From the above we know elements of p2 take the form of 2x + 2y√-5
... but you haven't yet shown everything of that form is an element of p2.

As a general bit of advice, I find it a lot easier to work with generators rather than the entire ideal, or sometimes a basis for the ideal. To show p2 is contained in <2>, all you need to do is show that the generators of p2 are contained in <2>. Or to show that p2 = <2>, it's enough to show that some basis for p2 is also a basis for <2>.

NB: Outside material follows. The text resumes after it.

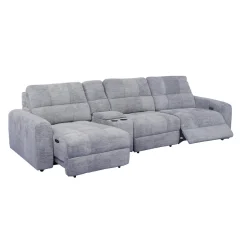 Sofa modulaire électrique inclinable avec 1 siège coulissant et console - 4 mcx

Actually, the elements of p2 are sums of elements of that form.

... but you haven't yet shown everything of that form is an element of p2.

As a general bit of advice, I find it a lot easier to work with generators rather than the entire ideal, or sometimes a basis for the ideal. To show p2 is contained in <2>, all you need to do is show that the generators of p2 are contained in <2>. Or to show that p2 = <2>, it's enough to show that some basis for p2 is also a basis for <2>.
Ah ok, I'm not really sure how to work with the generators though.

I assume you mean something like

<2 , 1+ rt(-5)> = <4, 4(1+rt(-5)), 4> =<2>

Which I know its probably wrong but you get the idea. Can you give me a general rule on how to multiply together

<a, b + rt(c)><d, e + rt(c)>

please? It might help me do the others too.